During the creation account, we see that God only has to speak to bring things into existence. The whole creation obeys his word. He says “let there be light” and light appears. He says “let the plants appear on the dry ground” and they appear. He says “let the planets appear” and we have them in their particular orbits. He “let there be animals on the earth” and they appear. The birds of the sky, the fish of the sea, and the beasts of the land all respond to His voice with obedience. But not mankind! We are the highest of his created order. God shared himself with us by creating us in His image. All the created order is pronounced good except man. We have been pronounced, “very good.” Briley adds to this thought, “It is a great irony that human beings are the creatures with whom God desires the most personal, intimate relationship, yet we alone consistently fail to honor and respond to him.”[3]

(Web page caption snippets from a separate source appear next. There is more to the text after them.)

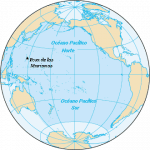 Mapa del Oceano Pacífico con América y Asia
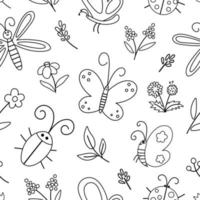 Vector black and white insect and first flower seamless pattern. Funny spring garden repeating background. Cute outline ladybug, butterfly, beetle, dandelion digital paper for kids.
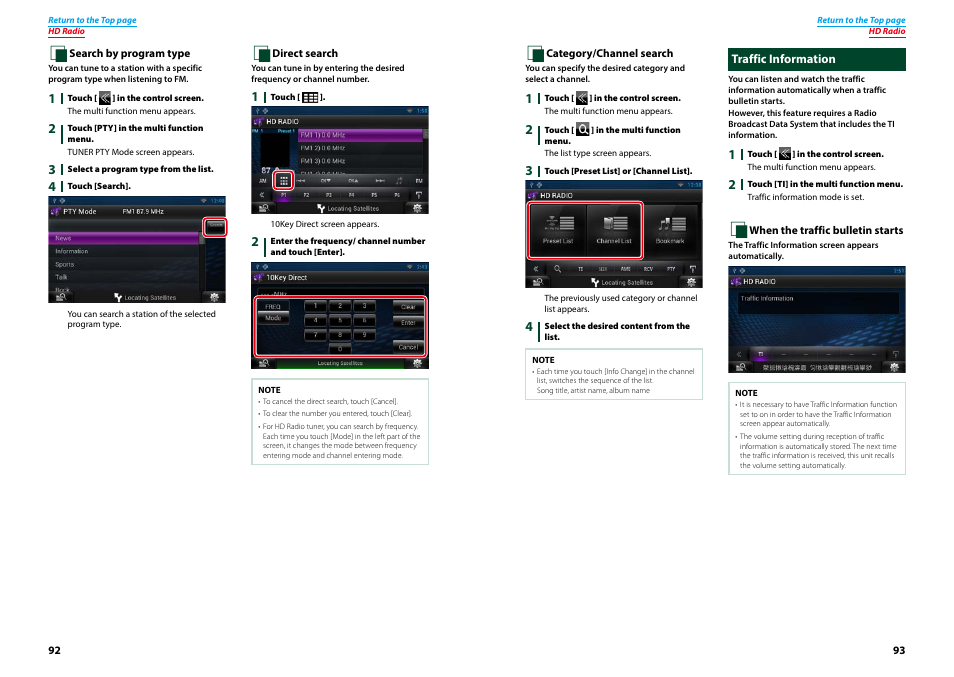 Traffic information, Direct search (p.92), Traffic information (p.93) | Search by program type (p.92) | Kenwood DNN770HD User Manual | Page 47 / 87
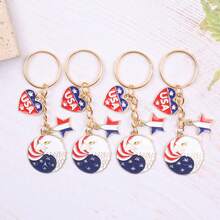 2pcs/6pcs Fashion Independence Day Keychain Set, Including Eagle, Red Blue White, Heart, Star Keychains. Suitable For Independence Day, July 4th, 250th Anniversary, Memorial Day, Retirement, Friendship Gifts, Birthday Gifts, Holiday Party Decorations, Etc. Give To Your Friends, Family, Colleagues, Lovers And Besties. - Multicolor - View 9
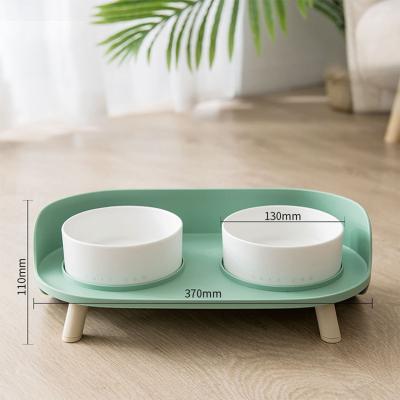 China Viable Free Sample Customize Luxury Wooden Insulated Marble Pet Cat Dog Ceramic Dogs Bowl for sale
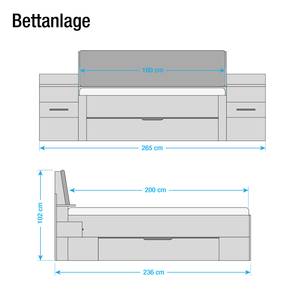 Bettanlage Bensheim (3-teilig) Eiche Sanremo Dekor - 160 x 200cm - Ohne Beleuchtung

God had acted completely out of his love for mankind. He created us out of his love. This is so obvious to me. He filled the world with color and gave us eyes to see. He filled the world with flowers and fragrances and gave us noses to experience them. He filled the world with foods to eat and made us with taste buds to enjoy them all. He put us in bodies and made us male and female and blessed us with the command to multiply and fill the earth. But we look around us and complain about what we see. We dislike some odors, we don’t like some foods, and we are unhappy with limits being placed on our physical pleasures. We blame God for there being any kind of unhappiness or pain or sorrow in the world. We ignore the blessings and focus on the pains and then blame God. Although death came in response to our rebellion as promised by God originally, we blame God for all suffering in the world. Again, out of His great love for us, God sent his son into the world to save the rebellious. He came dealing with the pain and healing the sick and raising the dead and his most precious creation, mankind, hung him on a cross. God took upon himself the suffering we experienced to demonstrate that love for us while we were yet sinners. Our rebellion, like that of a beloved child, broke God’s heart. Psalm 69:20-21 speaks for Messiah. This is the greatest expression of God’s love for mankind and it was scorned and rejected. “They have broken my heart by saying evil things about me. It has left me helpless. I looked for pity, but I didn’t find any. I looked for someone to comfort me, but I didn’t find anyone. They put bitter spices in my food. They gave me vinegar when I was thirsty.” The Psalmist also tells us what God desires from us. Psalm 51:17 says, “The sacrifices of God are a broken spirit; a broken and contrite heart, O God, you will not despise.”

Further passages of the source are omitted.